Les maisons des villes ne se regardent pas. Leurs fenêtres se snobent. Leurs vitrines font l’épate, le tape-à-l’œil, la putain. Je préfère aux états les races de la pluie, la religion des feuilles, l’auberge des geais bleus, la taïga aux doigts ferrugineux, l’entrepôt des parfums, une cabane à moineau, le pays des fantômes, les kilomètres du silence, l’oasis des mots. Quand j’ouvre mon cahier, je me laisse envahir. J’écris dans une goutte d’eau, une grotte, une feuille qui tombe. Une pluie de papier respire sous ma plume. Devant la porte ouverte, devant le monde ouvert, je reste sur le seuil. J’attends la mer, le passage d’un train, la soupe au vermicelle, la grande main tendue pour faire l’accolade. Je fixe dans les yeux les yeux noirs du bouleau. Je tombe avec la neige. La faune ensevelie transcende ma substance. C’est de la terre que j’écris, du blanc des racines, de la géode des pierres, de la sève des arbres. Chaque mot est une corolle à fleur de peau. Que reste-t-il de celui que je fus ? Une pile de carnets à peine raturés, des mots écrits avec les vagues, les odeurs, les ongles, les cheveux, la rosée, la colère, une géographie de cicatrices, un habit de Pierrot décousu par le temps, une cartographie de rides, un cœur d’enfant qui ne cesse pas de battre sous la poitrine de l’âge. Peu importe les ans, on est toujours plus jeune que le monde. L’ossature de l’être se confronte à l’essence de l’âme.

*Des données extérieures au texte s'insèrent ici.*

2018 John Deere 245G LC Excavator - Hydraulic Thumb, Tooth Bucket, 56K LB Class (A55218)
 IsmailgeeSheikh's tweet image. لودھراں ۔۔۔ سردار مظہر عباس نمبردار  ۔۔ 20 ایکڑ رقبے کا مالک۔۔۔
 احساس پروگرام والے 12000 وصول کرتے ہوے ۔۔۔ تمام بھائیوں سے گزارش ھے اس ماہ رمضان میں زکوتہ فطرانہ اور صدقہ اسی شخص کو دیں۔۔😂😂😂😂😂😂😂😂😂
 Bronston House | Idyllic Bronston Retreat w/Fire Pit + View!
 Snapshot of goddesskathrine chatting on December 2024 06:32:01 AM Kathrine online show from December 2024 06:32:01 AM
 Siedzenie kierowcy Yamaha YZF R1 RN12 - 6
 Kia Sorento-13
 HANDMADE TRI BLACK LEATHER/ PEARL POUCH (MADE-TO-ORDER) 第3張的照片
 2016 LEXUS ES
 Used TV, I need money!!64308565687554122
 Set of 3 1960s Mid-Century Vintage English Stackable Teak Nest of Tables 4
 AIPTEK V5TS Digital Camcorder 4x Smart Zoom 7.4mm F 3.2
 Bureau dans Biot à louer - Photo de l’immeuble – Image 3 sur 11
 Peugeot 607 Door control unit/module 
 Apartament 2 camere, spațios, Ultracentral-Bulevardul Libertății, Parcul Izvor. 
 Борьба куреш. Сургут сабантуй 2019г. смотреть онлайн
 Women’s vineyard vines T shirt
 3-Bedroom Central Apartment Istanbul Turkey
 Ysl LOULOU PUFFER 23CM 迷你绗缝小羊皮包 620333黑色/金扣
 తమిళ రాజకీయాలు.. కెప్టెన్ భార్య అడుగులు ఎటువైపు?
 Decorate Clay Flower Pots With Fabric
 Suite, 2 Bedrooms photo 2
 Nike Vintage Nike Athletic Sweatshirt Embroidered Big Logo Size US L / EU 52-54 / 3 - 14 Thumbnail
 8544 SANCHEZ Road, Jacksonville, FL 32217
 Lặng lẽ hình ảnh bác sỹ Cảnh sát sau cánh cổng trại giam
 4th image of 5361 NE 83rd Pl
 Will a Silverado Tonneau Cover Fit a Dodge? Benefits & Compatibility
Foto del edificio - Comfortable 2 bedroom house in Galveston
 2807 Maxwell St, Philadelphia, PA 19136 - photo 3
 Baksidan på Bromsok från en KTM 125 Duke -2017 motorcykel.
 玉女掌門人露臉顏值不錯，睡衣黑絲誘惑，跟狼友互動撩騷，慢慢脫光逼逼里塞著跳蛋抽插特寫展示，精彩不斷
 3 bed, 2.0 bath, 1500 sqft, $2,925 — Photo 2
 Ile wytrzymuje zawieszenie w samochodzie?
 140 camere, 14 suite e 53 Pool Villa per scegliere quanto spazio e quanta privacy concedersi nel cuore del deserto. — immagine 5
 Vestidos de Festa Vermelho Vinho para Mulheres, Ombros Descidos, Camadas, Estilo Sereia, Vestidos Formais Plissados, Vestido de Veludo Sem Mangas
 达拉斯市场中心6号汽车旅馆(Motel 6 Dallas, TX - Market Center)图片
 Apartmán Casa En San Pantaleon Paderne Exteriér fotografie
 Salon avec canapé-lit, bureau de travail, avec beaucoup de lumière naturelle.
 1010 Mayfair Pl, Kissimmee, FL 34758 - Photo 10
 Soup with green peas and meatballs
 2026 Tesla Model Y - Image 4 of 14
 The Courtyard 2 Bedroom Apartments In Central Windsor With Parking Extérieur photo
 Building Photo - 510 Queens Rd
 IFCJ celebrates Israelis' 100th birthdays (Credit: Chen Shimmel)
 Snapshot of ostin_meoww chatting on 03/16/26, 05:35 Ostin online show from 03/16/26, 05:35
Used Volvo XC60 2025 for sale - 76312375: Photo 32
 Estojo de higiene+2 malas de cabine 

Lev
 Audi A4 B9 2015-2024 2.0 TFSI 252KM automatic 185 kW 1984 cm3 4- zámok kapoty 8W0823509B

Il faut apprendre à soulever la pierre qui écrase, la rendre plus légère, la ciseler en arabesques fines. Comme un qui naît sans alphabet, je renais dans les mots. Je tricote le rêve mais l’air s’échappe entre les mailles. Chaque regard change le paysage. Chaque main cherche une main. Chaque route cherche sa voie. Chaque homme cherche sa voix. Chaque saison est essentielle. Il faut laisser aux abeilles leur miel d’hiver, aux hommes leur espoir. Je fais confiance au vent, à la pierre immobile, au désert minéral, à la mer qui avance en dévorant ses vagues, à la terre qui ramasse les ossements des morts. J’aime à respirer parmi les feuilles, les bêtes, les étoiles, les graines qui jaillissent de l’utérus terrestre, les herbes qui ont soif et dévorent la pluie, l’été torride et sa corbeille pleine de fleurs et de fruits. Tout est nourriture, de la pureté de l’air à celle des rivières. Tout est fécondité, de la boue des rizières à la neige éternelle. Tout est germination, des ferments du fromage au fumier des étables. Je renais à la moindre naissance. Je suis uni à la croissance, aux racines, à la sève, aux étamines, au pollen, au sperme à la parole. Je suis géode avec la pierre, chlorophylle avec l’arbre, semence avec la terre, nuage avec la pluie. Je communique avec les végétaux, me dresse avec les bêtes, me couche avec le foin, respire avec le vent. Je ne veux pas l’idée du corps, la pensée de la chair, la théorie du sang. Je veux le corps entier. J’aime mieux mourir de faim que de vivre sans soif, sans appétit, sans voix. Je ne veux pas mourir comme on meurt sans âme. J’ai choisi la nature pour apprendre à lire, la vague pour écrire. J’ai choisi la vie pour apprendre à aimer.